Des questions sur les congés « évènements familiaux » ?

Outre les situations de famille recomposée, où le droit au congé pourra parfois poser question, le litige le plus fréquent est le moment où le congé doit être pris. Il doit en effet « entourer » l’évènement y donnant droit, cette notion n’étant pas toujours facile à appliquer selon les circonstances de fait.

Le nombre de jours

La loi prévoit un minimum d’ordre public, sans condition d’ancienneté, applicable à défaut d’accord au moins équivalent : mariage, Pacs : 4 jours, mariage d’1 enfant : 1 jour, naissance ou adoption : 3 jours, décès d’1 enfant : 5 jours, décès conjoint, parent, beaux-parents, frère et sœur : 3 jours, et annonce du handicap d’1 enfant : 2 jours. Ces jours ne peuvent pas être imputés sur les cp (C. trav. art. L 3142-1 s.).

Conseil. Vous devez aussi vous référer à votre CC ou accord collectif qui, très souvent, prévoient des motifs de congé supplémentaires (ex. : déménagement).

Des précisions

– Le mariage peut être : civil, religieux, remariage, PACS ;

– Sauf CC contraire et claire sur ce point, le mariage d’un enfant n’est pas celui de l’enfant du conjoint (Rép. Ferrand AN 16.03.1998 p. 1500) et le PACS n’est pas concerné ;

– La naissance : si la mère en congé de maternité n’est pas visée, les jours se cumulent avec les congés adoption/accueil de l’enfant et paternité. À ce jour, il ne semble pas que la naissance multiple multiplie le congé par le nombre d’enfants ;

– Pour l’annonce du handicap d’un enfant, aucune précision n’a encore été apportée depuis l’instauration de ce congé en 2016.

Jours ouvrés ou ouvrables ?

Le Code du travail raisonne en jours ouvrables, soit du lundi au samedi, sauf jour férié, en principe à partir de la date de l’évènement. Le décompte se fait donc en jours ouvrables, peu importe l’horaire de travail de l’entreprise ou du salarié (Rép. Dhinnin AN 03.02.1997 p. 589 n° 44412) . Pour un salarié à temps partiel travaillant 3 jours du mercredi au vendredi, un congé de 3 jours débutant le vendredi se termine le lundi soir suivant, même si le salarié ne travaille pas ce jour-là. Votre CC ou accord peut prévoir d’autres règles, auxquelles vous devrez alors vous reporter.

À quel moment ?

Lors de l’évènement. Ce n’est pas forcément le jour-même, mais dans une période raisonnable (Cass. soc. 16.12.1998 n° 96-43.323) . En cas de litige, depuis 2017, le salarié peut aller en référé devant les prud’hommes qui statuent en dernier ressort (C. trav. art. L 3142-3, R 3142-1) . Et dans ce cas, le juge des référés a l’obligation de statuer sur le délai de prise du congé (Cass. soc. 23.01.2018 n° 17-28.330).

En pratique.
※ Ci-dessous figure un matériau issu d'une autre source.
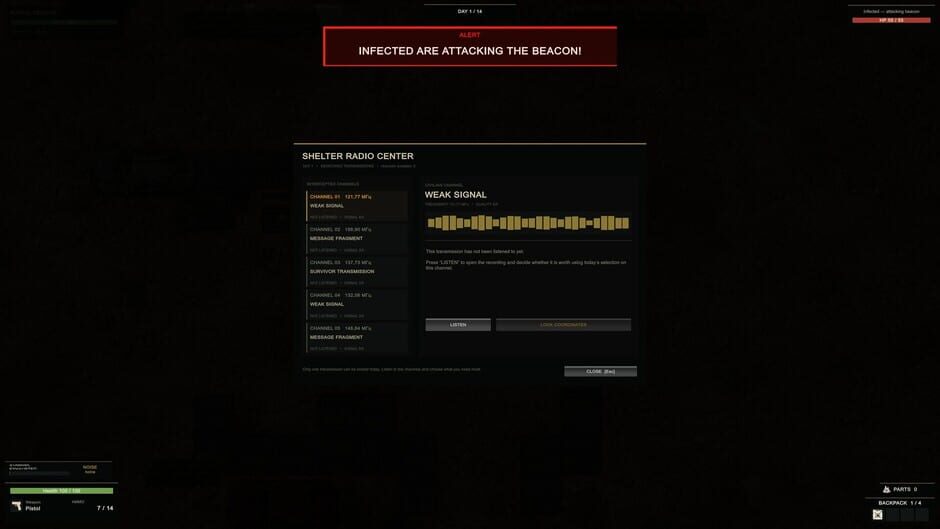 Stilltrace screenshot 9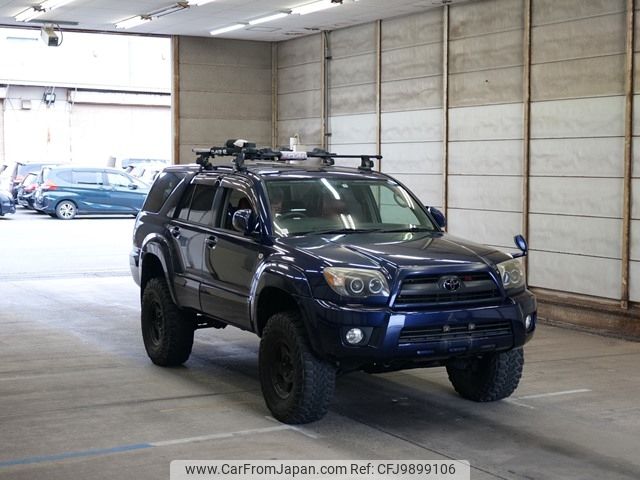 toyota hilux-surf 2006 -TOYOTA--Hilux Surf GRN215W-8071171---TOYOTA--Hilux Surf GRN215W-8071171- image 1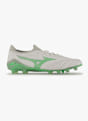 Mizuno Morelia Neo IV Beta Elite FG chaussures de football Blanc 36507 1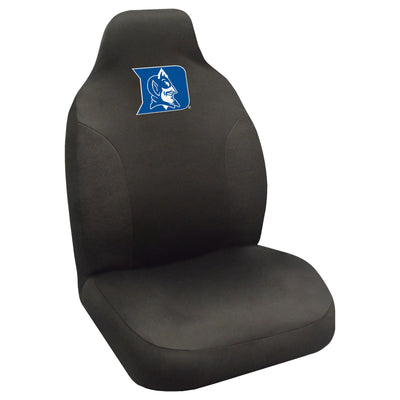 Duke University Seat Cover
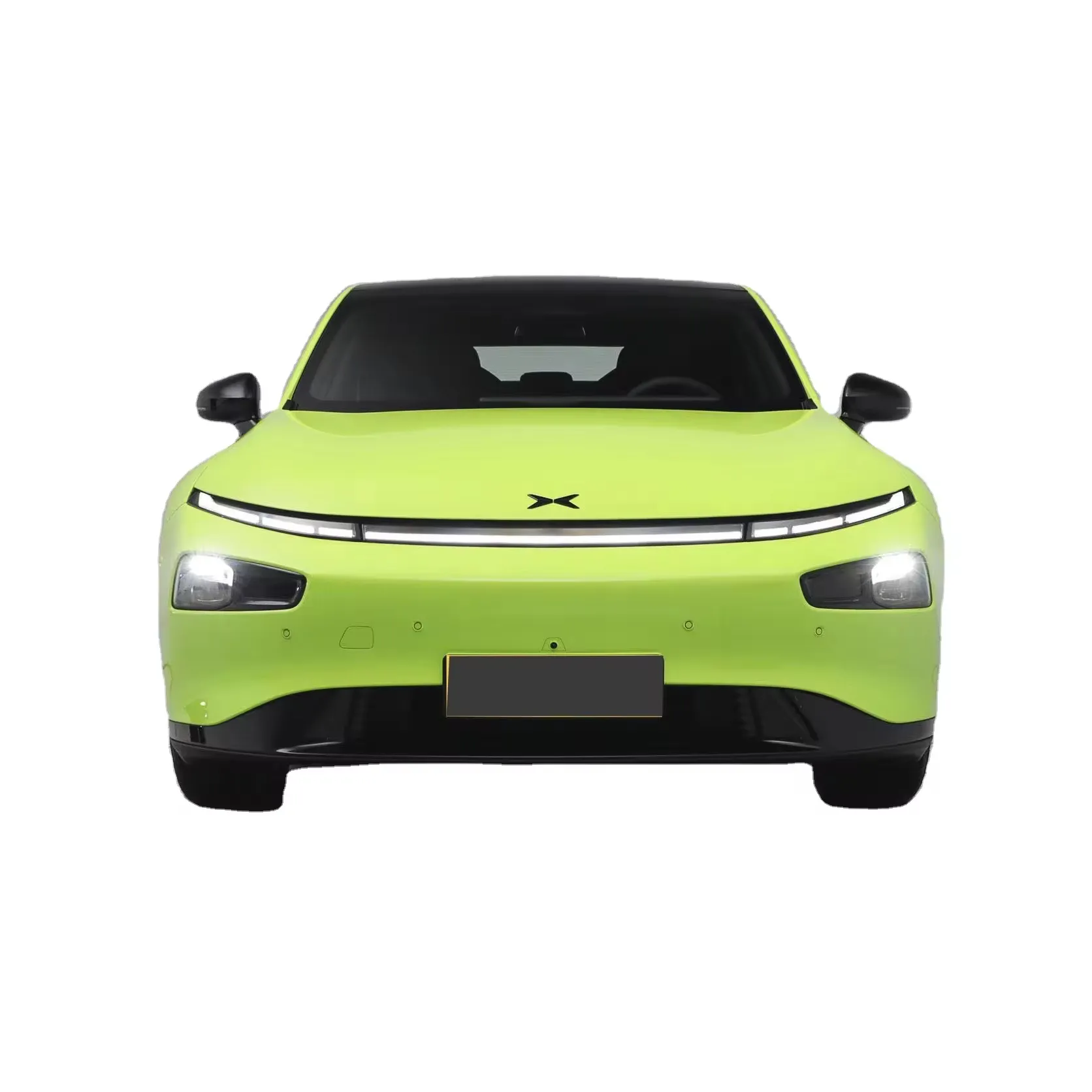 New Popular Cheap car Xiaopeng P7 2023 P7i 610 Peng Wing performance edition Electric Car New energy vehicles for adult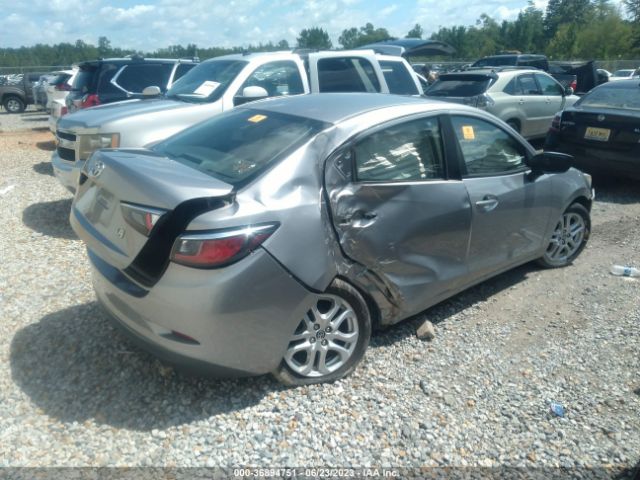3MYDLBZV4GY141349 Scion IA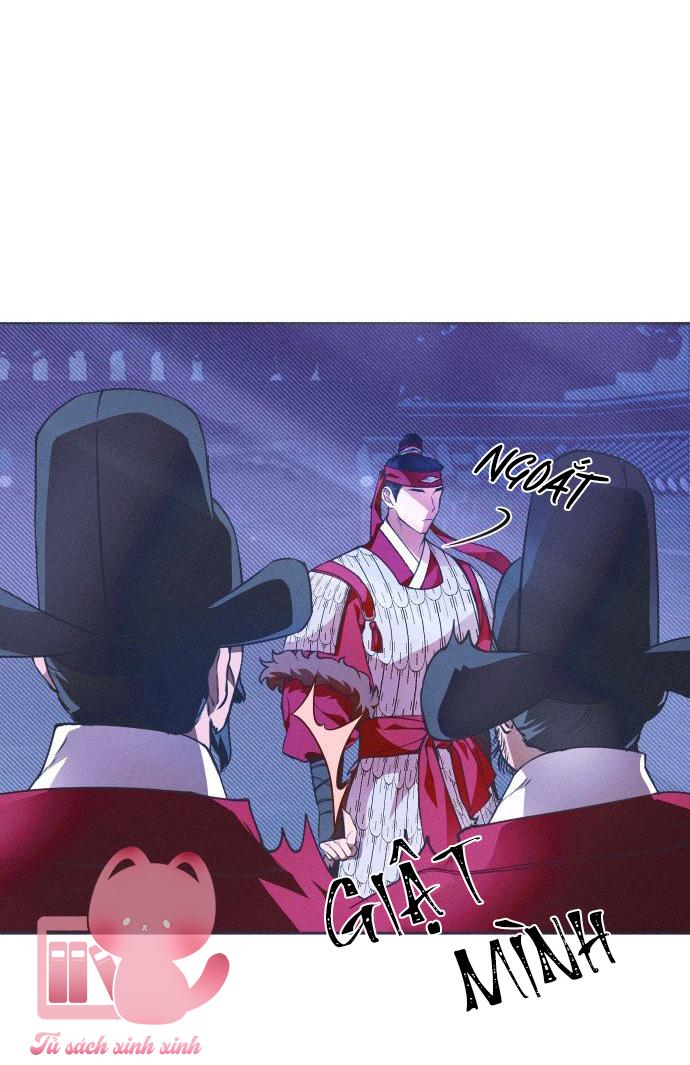 Dabi, Hương Vị Ngây Ngất Chap 6 - Trang 3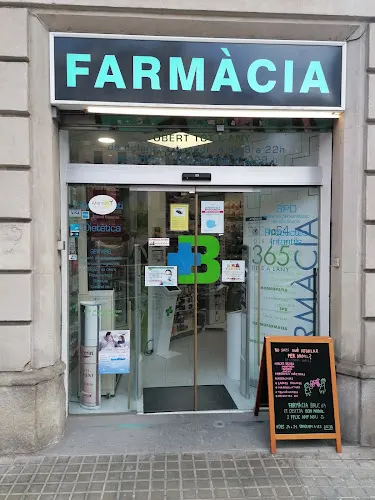 Farmacia Guito Vilardell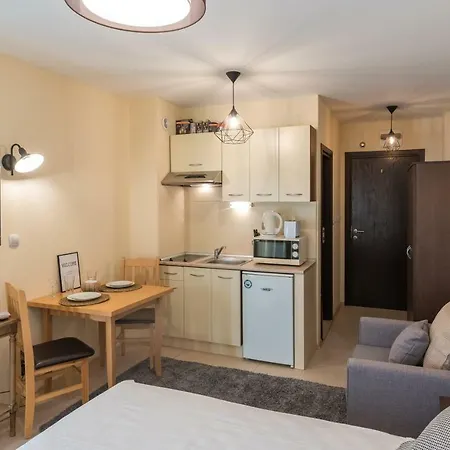 Apartamento ★ Stylish & Cozy In Valentina Heights Boutique ★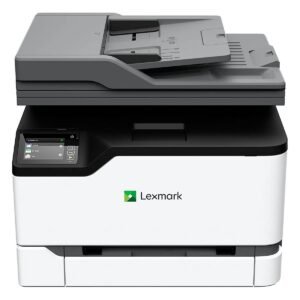 IMP. LEXMARK LASER MFP COLOR CX431ADW DUPLEX 26PPM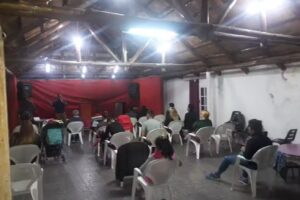 Iglesia Apostolica y Profetica el Gran Avivamiento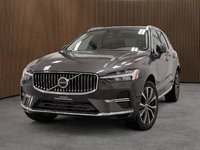 2022 Volvo XC60 Recharge Inscription Expression-0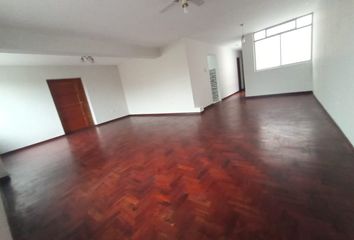 Departamento en  Av. Mariano H. Cornejo 1609, Pueblo Libre, Perú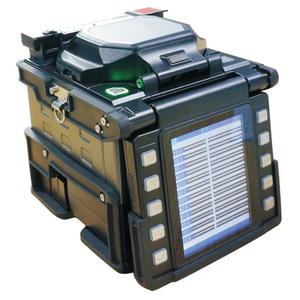 12 Lõi Ribbon Fusion Splicer COMWAY <span class=keywords><strong>C10R</strong></span> Máy Nối Ribbon Sợi Quang Với Vũ Nữ Thoát Y Nhiệt - Product Image 6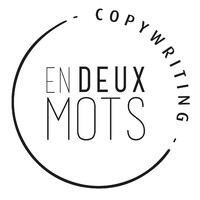 En Deux Mots logo - Similar company to Diito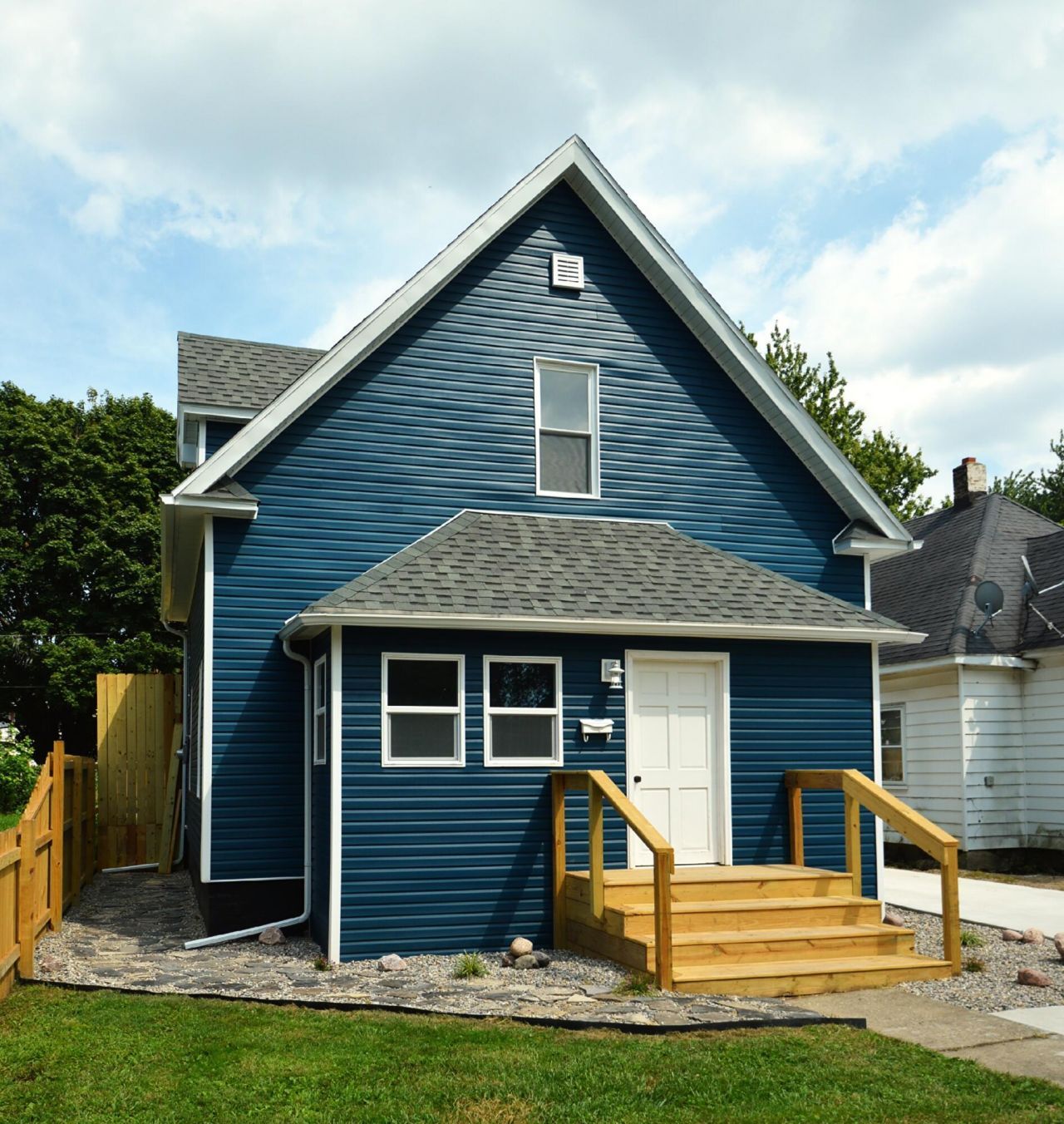 4106 Vermaas Avenue, Toledo, OH 43612 Main Photo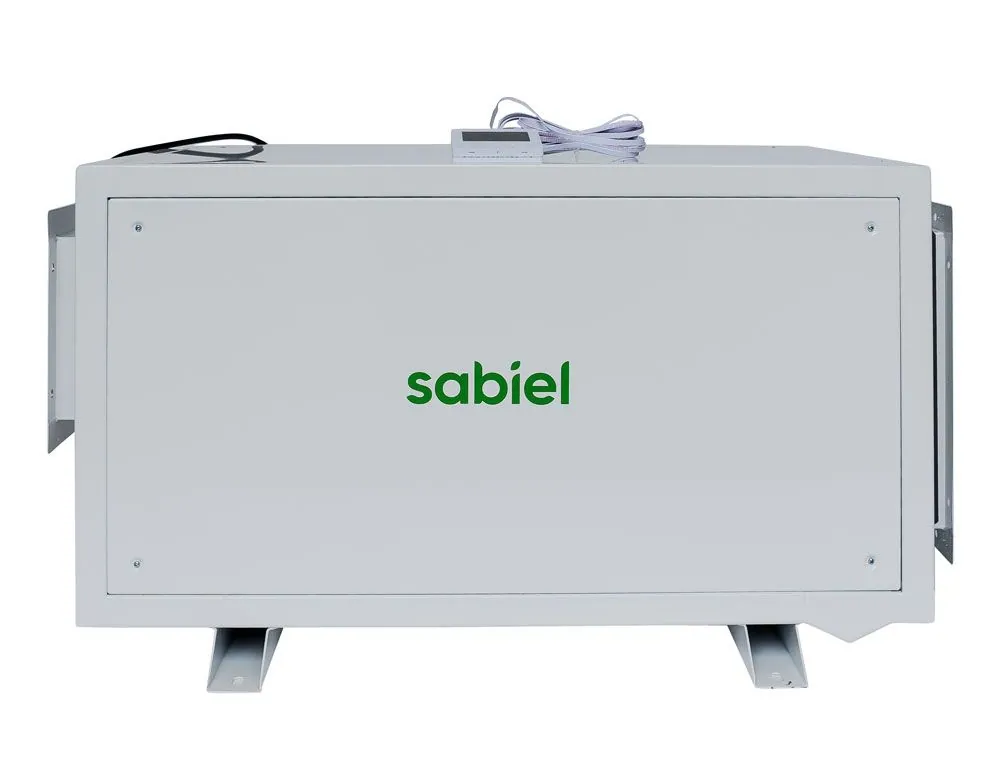 Осушитель воздуха Sabiel DC100
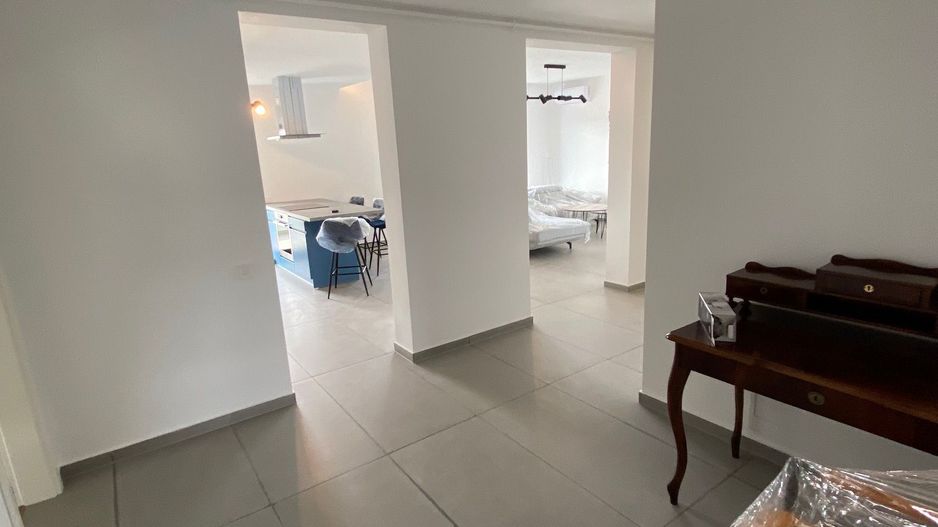 Penthouse  3 camere - Dumbravita - Poză 22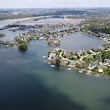 Geist Reservoir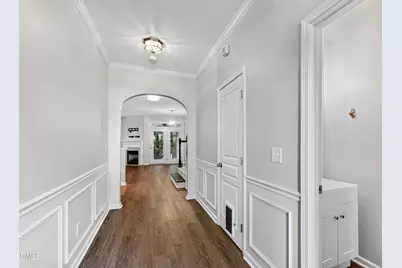 5806 Hourglass Court, Raleigh, NC 27612 - Photo 5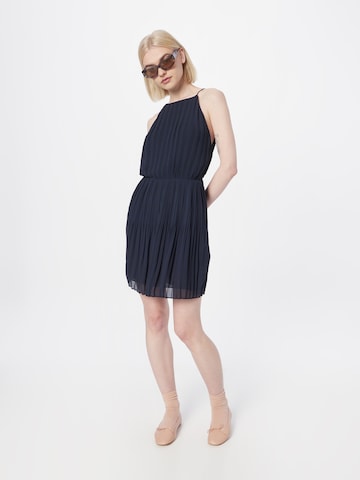 Samsøe Samsøe Dress 'MYLLOW' in Blue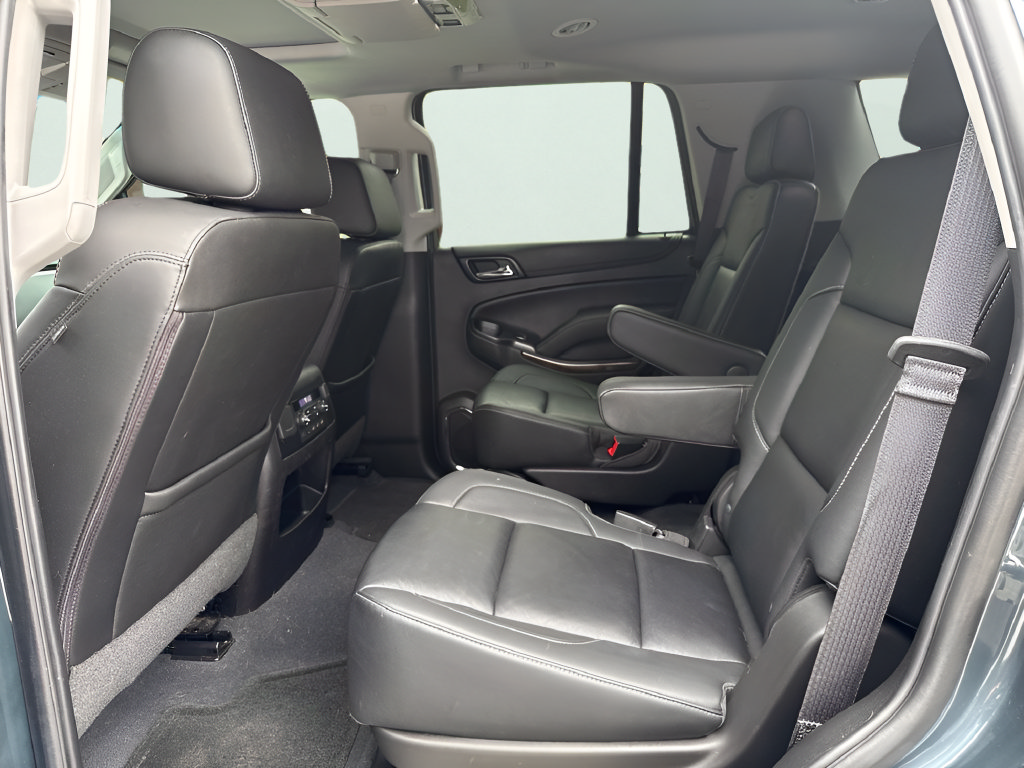 Used 2019 Chevrolet Tahoe LT RWD image 32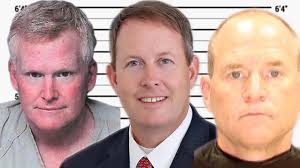 Murdaugh Saga: Status Hearing Scheduled For Alleged Co-Conspirators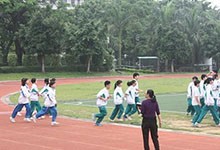 广州第二外国语学校（国际部）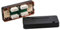 JNJOOD CAT7 RJ45 600MHz Extension Junction Box for Ethernet LAN Cable, LSA Network Connection Adapter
À titre d’exemple, en cas d’adoption, le congé doit être pris lors de l’arrivée de l’enfant, et non pas lors du jugement d’adoption définitif ultérieur (Cass. soc. 17.05.1982 n° 81-12.933).

Si le salarié est déjà absent. Il n’a droit ni à report, ni à indemnisation (Cass. soc. 11.10.1994 n° 93-42.310).

Conseil. Si un décès se produit au milieu des cp ou maladie du salarié, les jours seront finalement neutralisés par l’absence. En revanche, en pratique, il est fréquent, par exemple lors du mariage, que les jours « mariage » soient suivis des cp du salarié.

Et si le salarié ne les prend pas ? Le salarié n’a effectivement aucune obligation de prendre ses jours : mais dans ce cas, il n’a pas droit non plus à indemnisation (Cass. soc. 22.12.1988 n° 87-43.289).

Quel régime ?

Maintien de salaire. Ces absences n’entraînent pas de réduction de la rémunération, qu’elle soit légale, conventionnelle ou contractuelle. Par exemple, une prime de présence conventionnelle ne peut être réduite, et ce même si la CC le prévoit (Cass. soc. 10.12.1997 n° 94-44.887) . À notre avis, le maintien de salaire peut être calculé comme pour les cp.

Assimilation à du TTE. Ils ne sont légalement assimilés à du TTE que pour le calcul de la durée des congés payés (C. trav. art. L 3142-2) . En principe, ils ne devraient donc pas être pris en compte dans la durée effectivement travaillée par le salarié, mais selon l’administration, ils sont pris en compte pour le calcul des heures supplémentaires (circ. DRT 7 06.12.2000).